Nós cuspimos em epiléticos ( comitiales morbos ) em um ataque, ou seja, jogamos de volta
a infecção. De maneira semelhante, evitamos a bruxaria ( fascinações ) e
a má sorte que se segue ao encontrar uma pessoa coxa na perna direita. 

Uma confiança generalizada nos poderes mágicos inerentes ao cuspir e no ato de cuspir é demonstrada ao longo da história pelos numerosos costumes e rituais antigos que usam o cuspir como base para uma aliança, como um meio de aumentar a sorte ou acreditava-se que a maldição dos inimigos e a eficácia de feitiços, curas e exorcismos aumentavam ao cuspir durante ou após sua aplicação. Sob uma investigação mais aprofundada, a maioria das curas cuspidoras raramente têm uma base sólida em observações médicas, mas, em vez disso, se baseiam em uma qualidade de charme, baseada em uma crença supersticiosa da qual tiram sua eficácia.
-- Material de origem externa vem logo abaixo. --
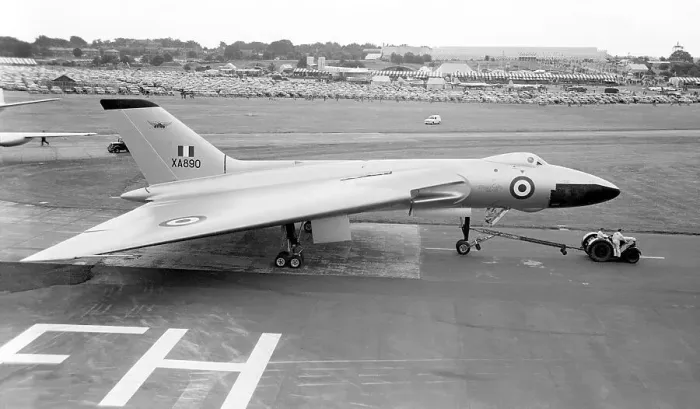 Framed Print : Avro Vulcan B. 1 XA890 Framed Print : Avro Vulcan B. 1 XA890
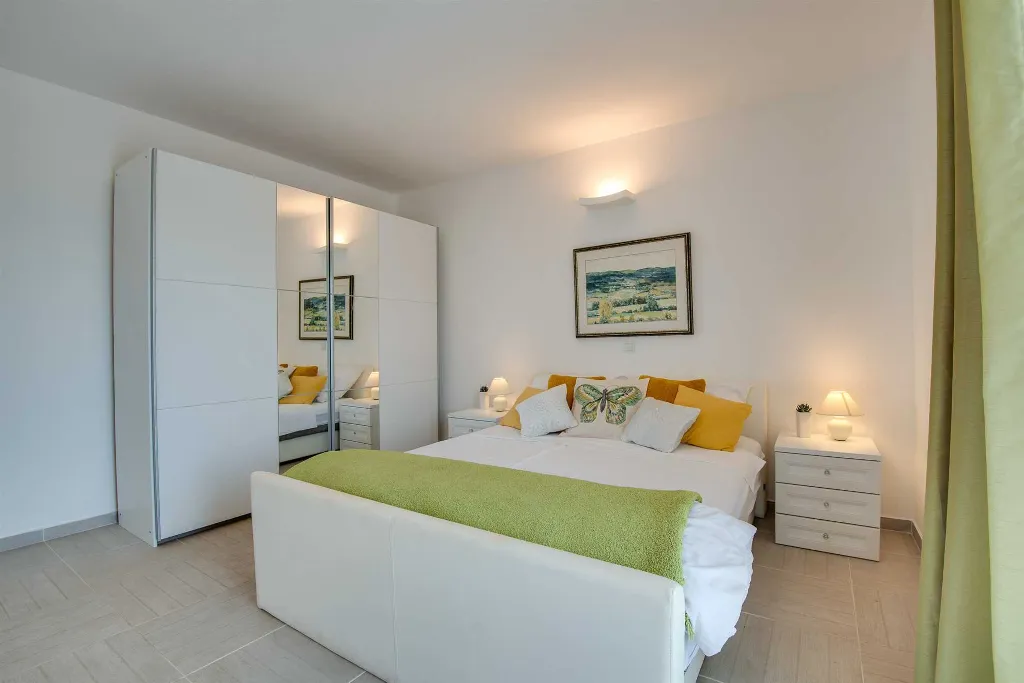 6-Bedroom Villa in Linardići (Krk) for 16 Guests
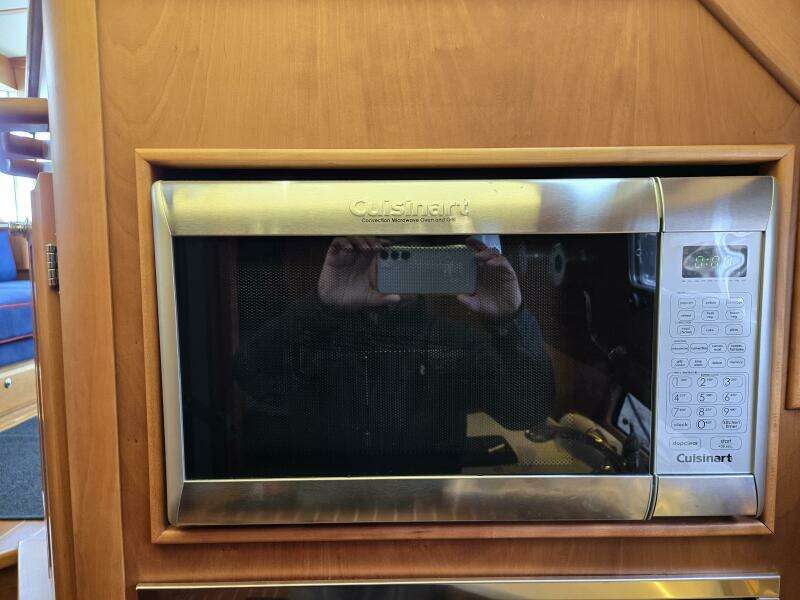 2017 Sabre 48 Flybridge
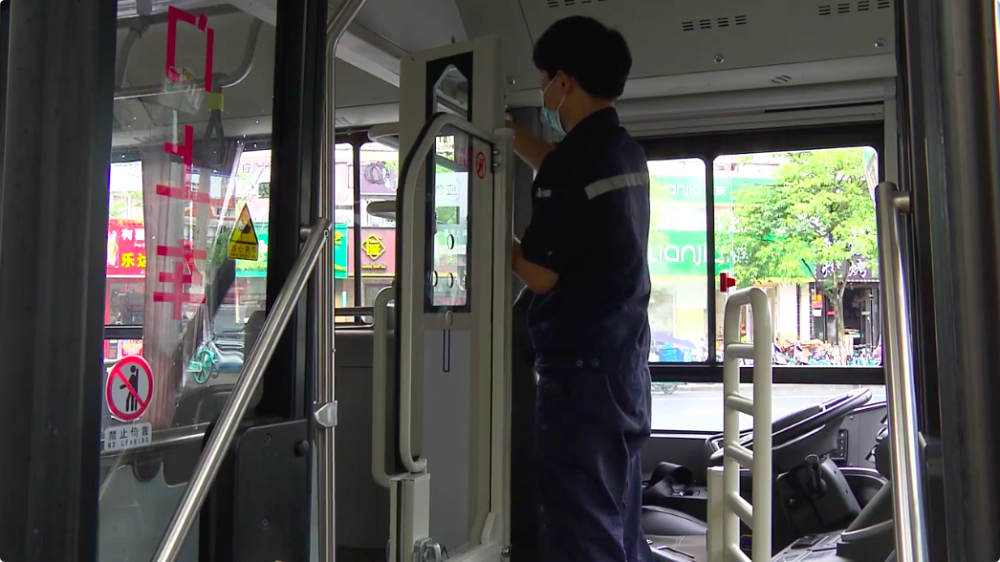 "安全门"装上了!上海所有公交车驾驶室将加装隔离挡板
A observação de Plínio sobre a prevenção da epilepsia se relaciona diretamente com o uso mágico da saliva na aversão ao contágio do mal. Pensou-se que os estudos antigos e modernos sobre a magia folclórica atribuem o poder de evitar o mal e cuspir ao executar feitiços e curas, para afastar quaisquer influências malignas que possam comprometer a eficácia do feitiço. A epilepsia era muito temida na antiguidade, uma vez que era considerada uma doença resultante de possessão demoníaca. Consequentemente, muitos escritores antigos relatam o costume de cuspir três vezes em seu peito ao ver um epilético, a fim de impedir que o demônio possuidor saia do epilético e entre no próprio corpo. O fato de o executor ser obrigado a executar o feitiço em si mesmo e não no epilético exemplifica a natureza simbólica desse ato.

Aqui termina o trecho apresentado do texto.